◆ Work instruction
With pictures removed, the data below should be returned exactly.

◆ Information supplied
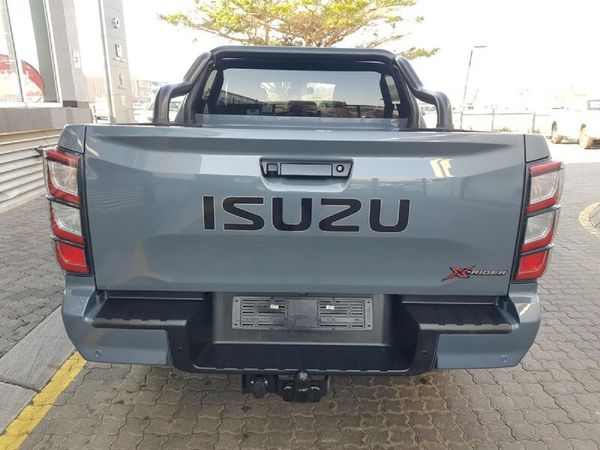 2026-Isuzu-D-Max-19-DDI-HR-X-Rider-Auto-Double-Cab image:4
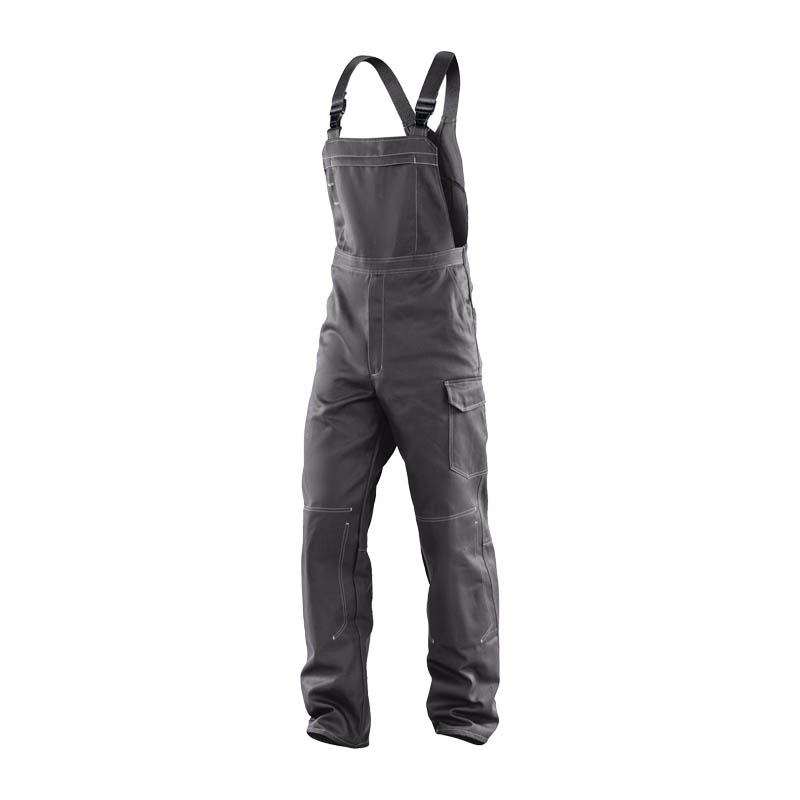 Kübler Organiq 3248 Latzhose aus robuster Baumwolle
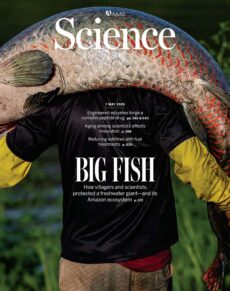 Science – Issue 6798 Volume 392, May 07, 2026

◆ Written answer
 2026-Isuzu-D-Max-19-DDI-HR-X-Rider-Auto-Double-Cab image:4
 Kübler Organiq 3248 Latzhose aus robuster Baumwolle
 Science – Issue 6798 Volume 392, May 07, 2026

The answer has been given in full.